【第886回】 手の平を返して気を表に

魂の研究をしている。最近の成果は“魂のひれぶり”である。その成果は「合気道の思想と技 第886回」に書いたので詳しい事は省くが、大事な事は気を体の表に出すことである。体の裏を土台の下として、その上に気を流すのである。簡単に言えば、腹側の気を背側に流して技につかう事である。
しかし、体の表に気を現わし、つかうのはそう簡単ではない。その理由は、人は力をつかう場合、技をつかう際、はじめの内はどうしても腹中心、つまり体の裏をつかうからである。特に、若い内は裏の力、所謂、魄力に頼ってしまうからである。これは人の本能でもあるようなので、この体の裏からの脱出は難しいと考えている。

合気道では“魂のひれぶり”、つまり、体の表で技をつかわなければならないわけだから、裏にある力(気)を表に出してつかわなえればならない。そのためには、体の裏をつかっていた本能的なやりかたを理合いに変えてやらなければならない。それで本能的やり方を変え、意識して布斗麻邇御霊とあおうえいの言霊に合わせたり、仙骨をつかうこと等をやってきたわけである。

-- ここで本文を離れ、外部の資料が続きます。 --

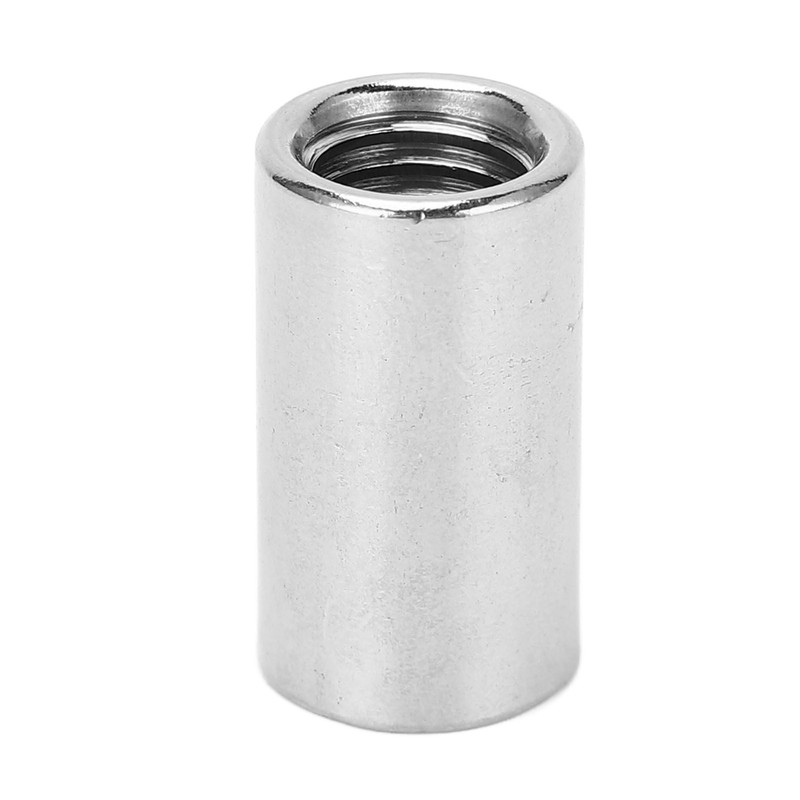 10Pcs Round Coupling Nut Stainless Steel Female Thread M10 Connector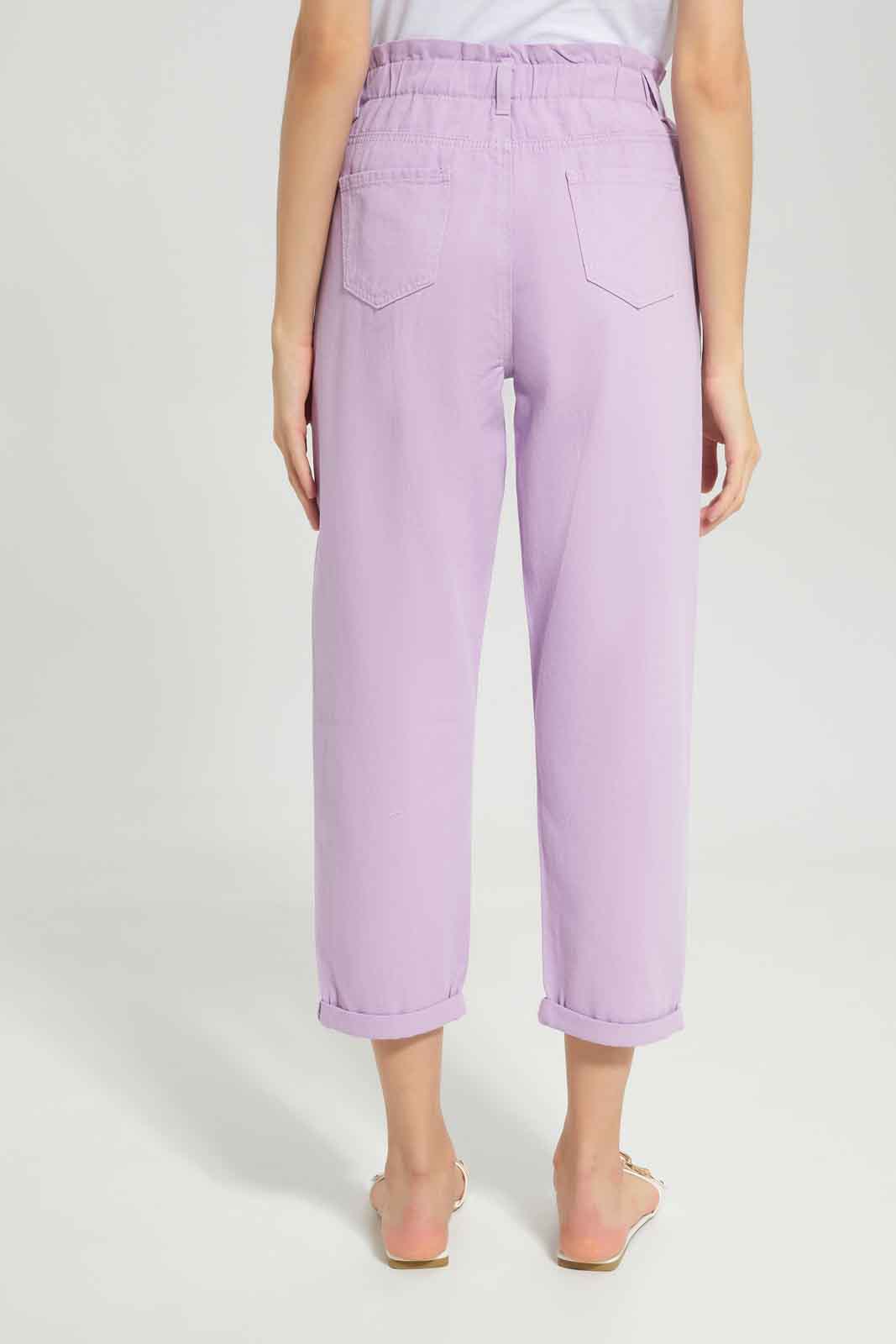 Redtag-Lilac-Paper-Bag-Jeans-Category:Jeans,-Colour:Lilac,-Deals:New-In,-Dept:Ladieswear,-Filter:Women's-Clothing,-New-In-Women-APL,-Non-Sale,-Section:Women,-W22A,-Women-Jeans-Women's-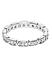 Silver-Toned Rhodium Plated Stone-Studded Adjustable Finger Ring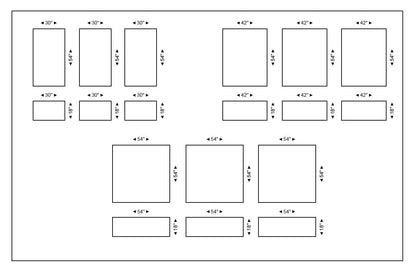 Wall Paneling Kit- Pre-Cut Wall Trim- Accent Wall Minimalist Decor- Wainscotting- Picture Frame Style Polyurethane Molding- 6 Frames
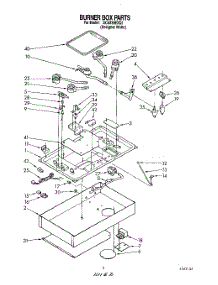 02 - Burner Box parts for Whirlpool Cooktop SC8536EXQ1 from AppliancePartsPros.com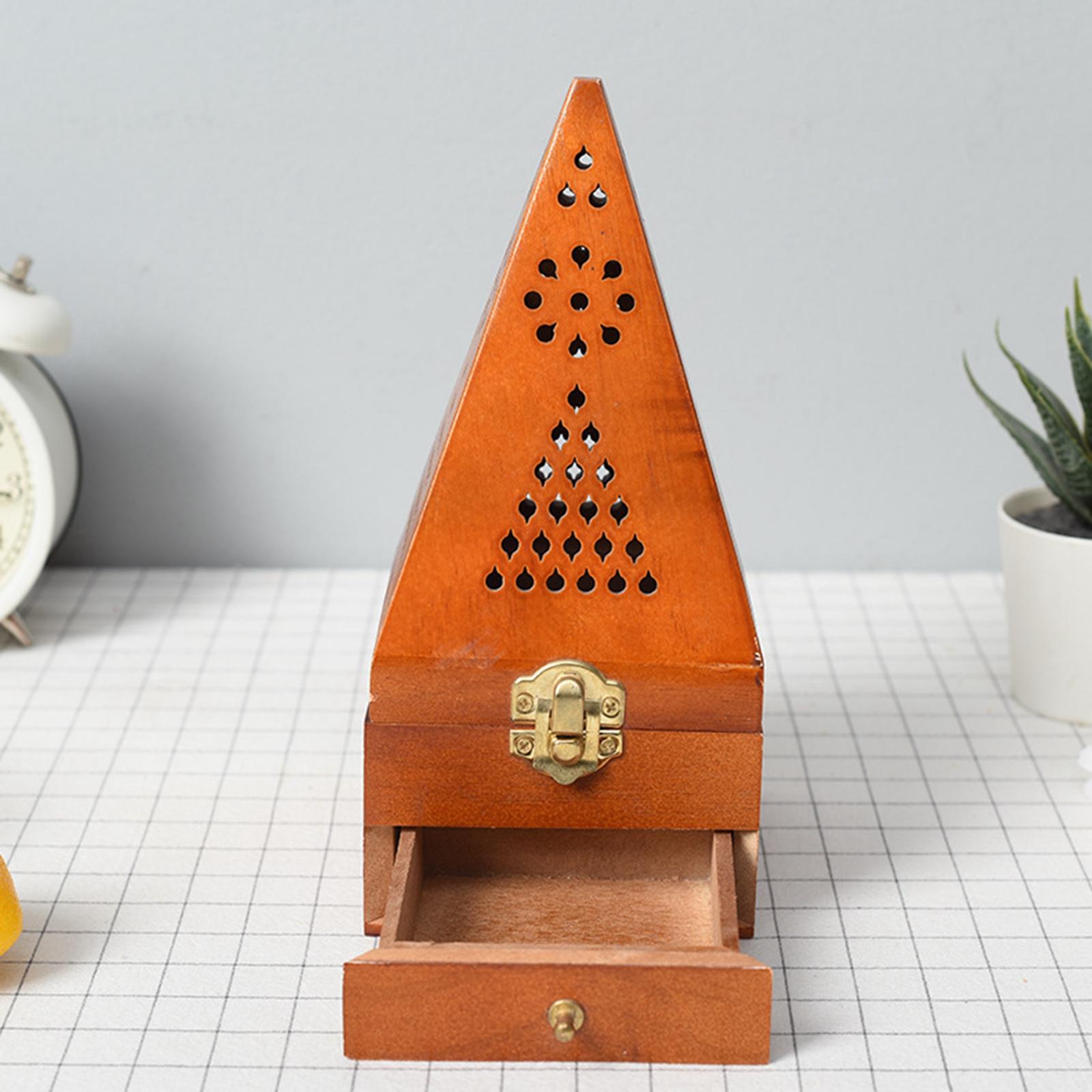 Wood Incense Cone Holders Hand - Home Fragrance Gift Box recension och pris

今回はまた新たな方法を見つけたようなので記すことにする。
その方法とは主題の「手の平を返して気を表に」である。手の平を返すことによって、体の裏にある気を体の表に流し、つかうのである。
まず、手の平を意識してつかうと、手の平の重要性がわかる。これまでは余り意識していなかったので気がつかなかったが、気が満ちておらず手の平が萎えていた事に気づいた。これではいい技は産まれない。
これまでの手の平が萎えていた大きな理由は、手の平に入れていた気は体の裏の気であったことである。表からの気とは違うのであるということが分かったのである。

萎えていた手の平を頑強な手の平にすると体の裏の気が体の表に出て来る。手の平が萎えた状態では、気は体の裏側に留まってしまうことになる。
手の平が気で満ち、気が張った状態になるためには、

手の平から気は体の表に現われるわけでが、これまで研究してきたように、布斗麻邇御霊とあおうえいの言霊により、仙骨を通しても気を体の表に表わすことはできる。つまり手と体(腹、腰、胸)の双方から裏の気を表に出すことができるということになるわけである。ということは、体の裏の気を表に出すために、どちらかをつかうのではなく、手と体の双方をつかえばいいことになるだろう。そうすれば1+1=2ではなく、2以上の効果がでるはずである。所謂、手と体との相乗効果である。